### What to produce
Print again, word for word, all of the records below, and leave the pictures out.

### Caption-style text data
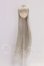 画像1: 3.5inch-4inch/ウィッグ I-26-05-14-304-KD-ZI (1)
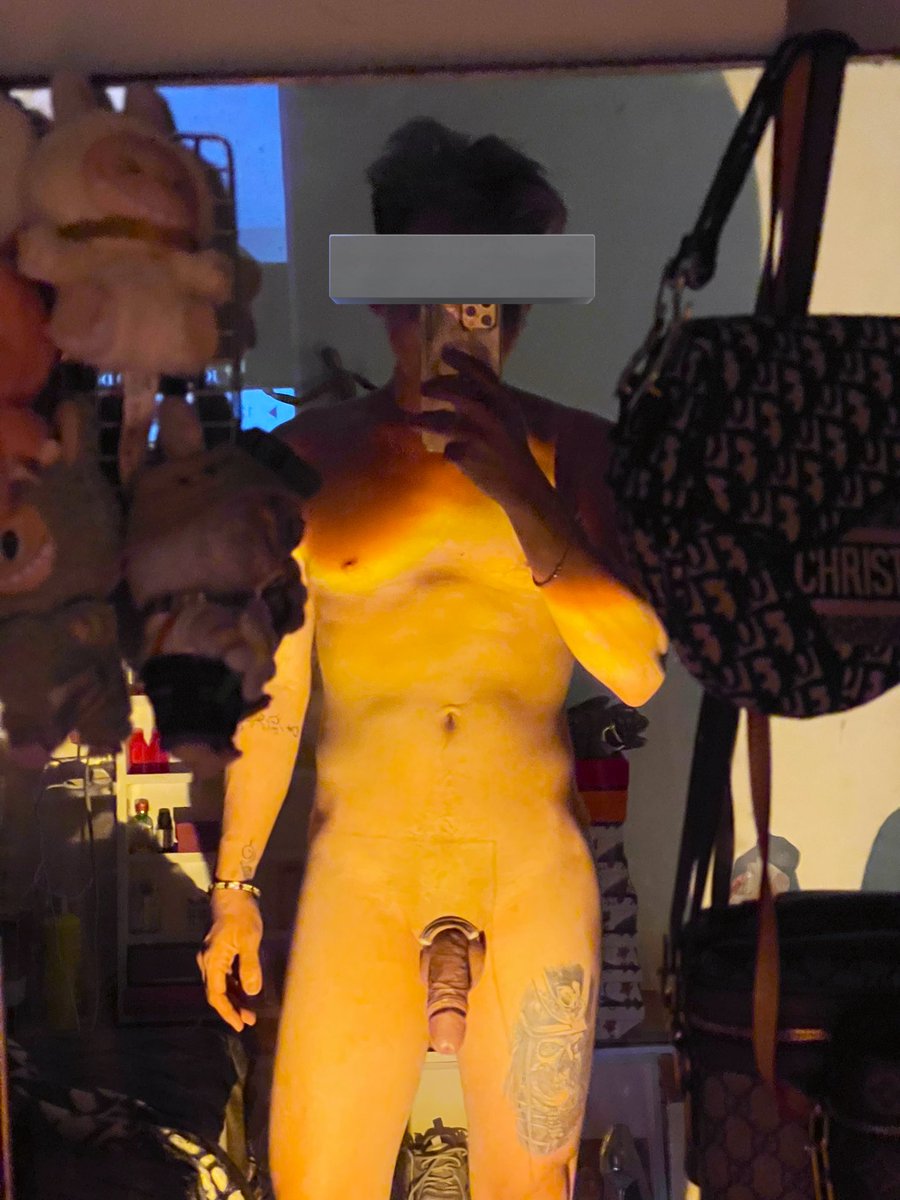 TOILARIAN's tweet photo. Alo Check check check 

Fuck off https://t.co/hbqfa6h2cG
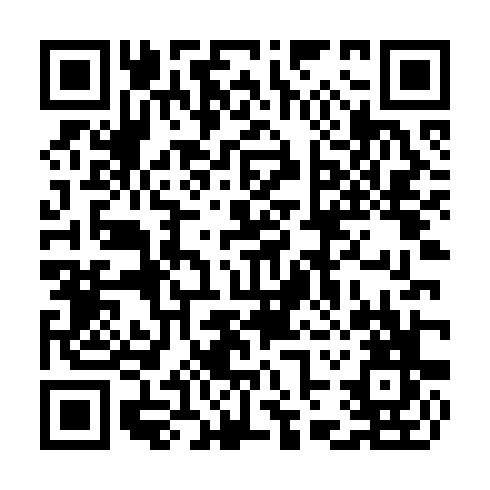 QR code for JYG894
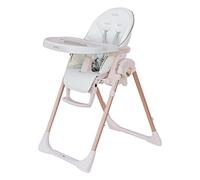 Peg Perego - Chaise haute pliante Prima Pappa Follow me - Mon Amour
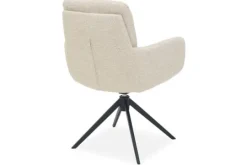 Royal Home Eetkamerstoel Cobbe 110 Pleun
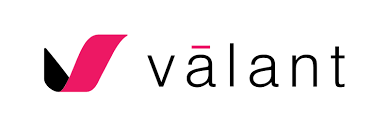 valant.png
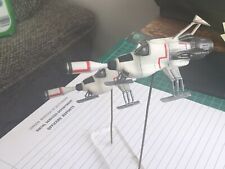 Konami ufo shado for sale  CROYDON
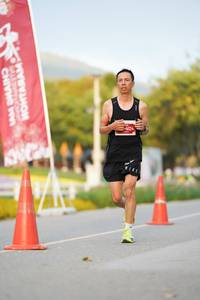 BIB: 
                            <button type="button" onclick="openModal(27903853)" class="btn btn-primary btn-sm float-right btn-popup" data-toggle="modal" data-target=".modal-high-quality">
                        <i class="fas fa-shopping-cart"></i> Add to Cart
                    </button>
                                            <button type="button" onclick="isThisMe(27903853, true)" class="btn btn-success btn-sm float-right btn-popup btn-isme hidden" data-toggle="tooltip" data-placement="bottom" title="นี่คือรูปของคุณใช่ไหม คลิกที่นี่เพื่อเอาเข้าอัลบั้ม">
                        <i class="fas fa-plus"></i> Add to album
                    </button>
                    <button type="button" onclick="isThisMe(27903853, false)" class="btn btn-warning btn-sm float-right btn-popup btn-isnotme hidden">
                        <i class="fas fa-ban"></i> Remove from album
                    </button>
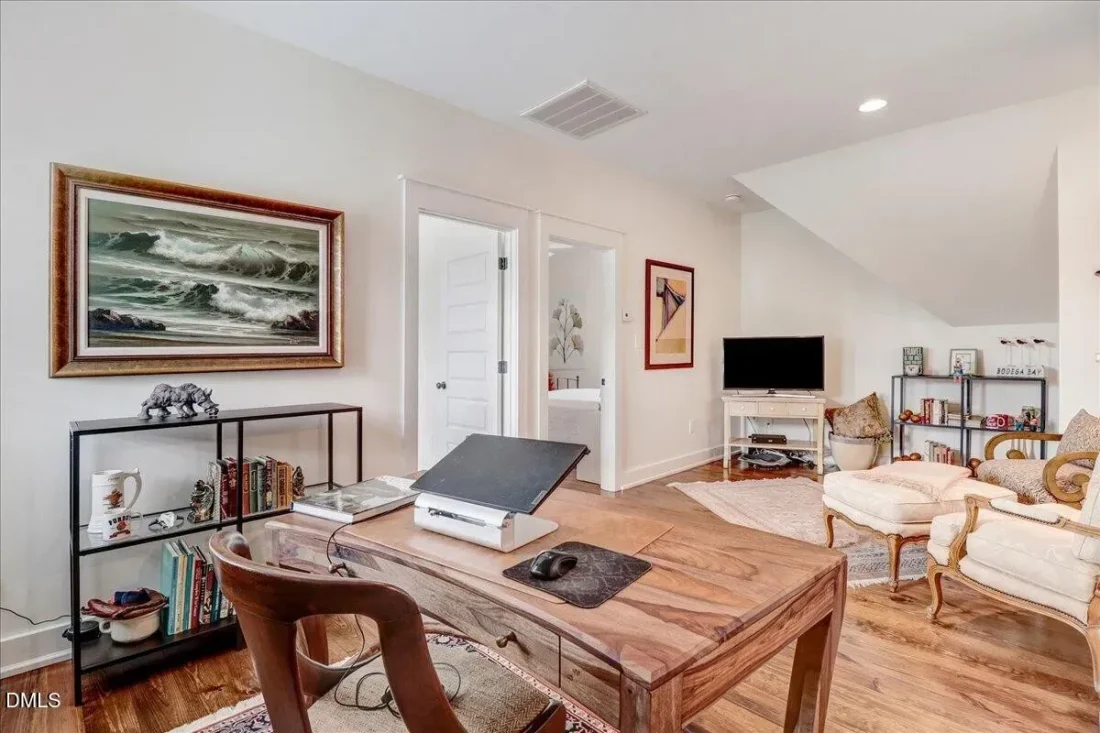 27657fcc93cb9b37f85e72413cc3609bl-m2581112545rd-w2048_h1536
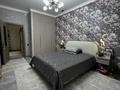 2-бөлмелі пәтер · 77.1 м² · 3/7 қабат, мкр. Алтын орда, бағасы: 38 млн ₸ в Актобе — фото 6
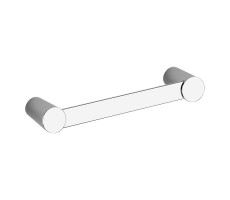 Полотенцедержатель GESSI Cono 45497#031 Хром 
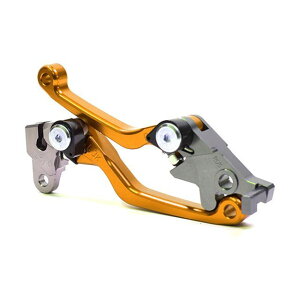 ATop s{bgo[Zbg CRM250R CRM250AR XR250 XR400^[h V[go[iS[hj T-CRM250-RSGLD G[gbv o[ oCN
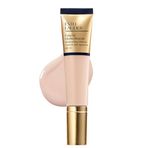 Estee Lauder Futurist Hydra Rescue SPF45 2N1 Desert Beige 35 ml Nemlendirici Fondöten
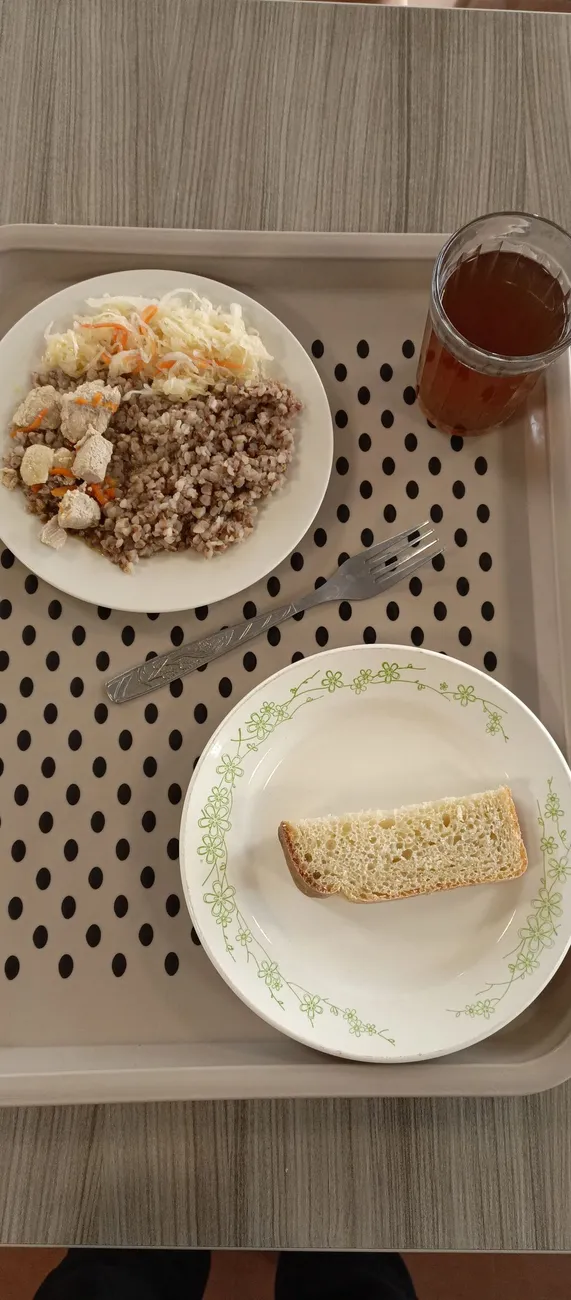 IMG_20260121_095549_803@1601578278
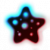 究极火焰杨桃子弹-立绘.png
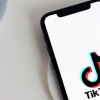 TikTok推出了為癲癇患者開發(fā)的新功能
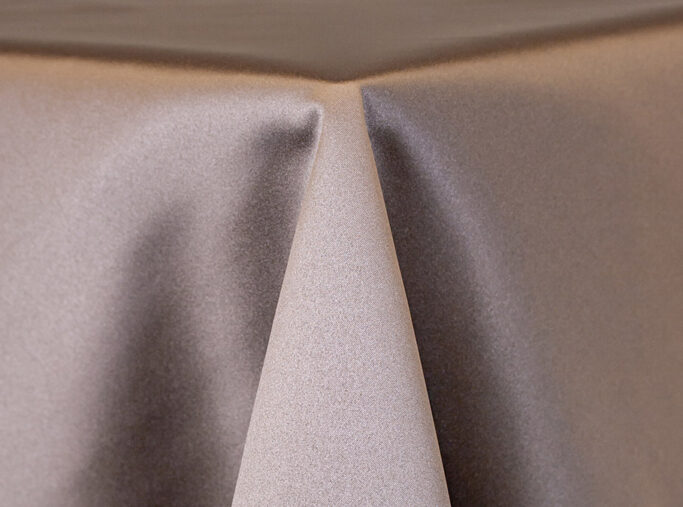 5 lamour matte satin stone
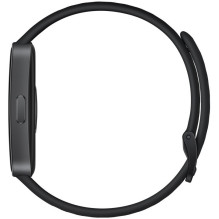Viedpulksteni Huawei HUAWEI BAND 10 BLACK Viedpulksteni Huawei HUAWEI BAND 10 BLACK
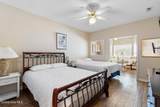 233 Kings Trail - Photo 17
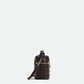 Bottega Veneta Bang Bang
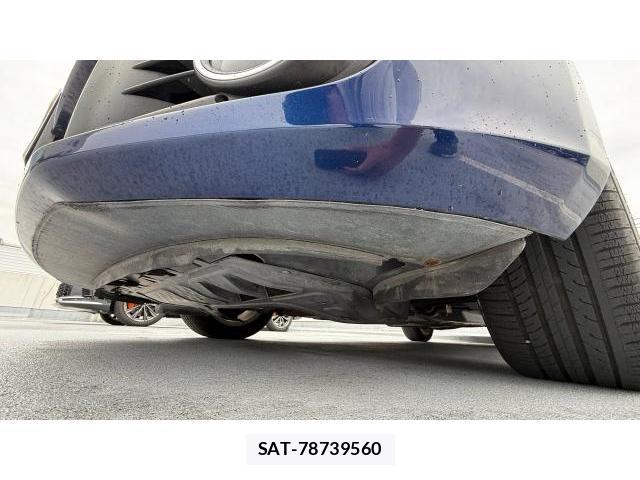 VolksWagen GOLF VARIANT 2012 8434555-10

### Exercise output
 画像1: 3.5inch-4inch/ウィッグ I-26-05-14-304-KD-ZI (1)
 TOILARIAN's tweet photo. Alo Check check check 

Fuck off https://t.co/hbqfa6h2cG
 QR code for JYG894
 Peg Perego - Chaise haute pliante Prima Pappa Follow me - Mon Amour
 Royal Home Eetkamerstoel Cobbe 110 Pleun
 valant.png
 Konami ufo shado for sale  CROYDON
 BIB: 
                            <button type="button" onclick="openModal(27903853)" class="btn btn-primary btn-sm float-right btn-popup" data-toggle="modal" data-target=".modal-high-quality">
                        <i class="fas fa-shopping-cart"></i> Add to Cart
                    </button>
                                            <button type="button" onclick="isThisMe(27903853, true)" class="btn btn-success btn-sm float-right btn-popup btn-isme hidden" data-toggle="tooltip" data-placement="bottom" title="นี่คือรูปของคุณใช่ไหม คลิกที่นี่เพื่อเอาเข้าอัลบั้ม">
                        <i class="fas fa-plus"></i> Add to album
                    </button>
                    <button type="button" onclick="isThisMe(27903853, false)" class="btn btn-warning btn-sm float-right btn-popup btn-isnotme hidden">
                        <i class="fas fa-ban"></i> Remove from album
                    </button>
 27657fcc93cb9b37f85e72413cc3609bl-m2581112545rd-w2048_h1536
 2-бөлмелі пәтер · 77.1 м² · 3/7 қабат, мкр. Алтын орда, бағасы: 38 млн ₸ в Актобе — фото 6
 Полотенцедержатель GESSI Cono 45497#031 Хром 
 ATop s{bgo[Zbg CRM250R CRM250AR XR250 XR400^[h V[go[iS[hj T-CRM250-RSGLD G[gbv o[ oCN
 Estee Lauder Futurist Hydra Rescue SPF45 2N1 Desert Beige 35 ml Nemlendirici Fondöten
 IMG_20260121_095549_803@1601578278
 究极火焰杨桃子弹-立绘.png
 TikTok推出了為癲癇患者開發(fā)的新功能
 5 lamour matte satin stone
Viedpulksteni Huawei HUAWEI BAND 10 BLACK Viedpulksteni Huawei HUAWEI BAND 10 BLACK
 233 Kings Trail - Photo 17
 Bottega Veneta Bang Bang
 VolksWagen GOLF VARIANT 2012 8434555-10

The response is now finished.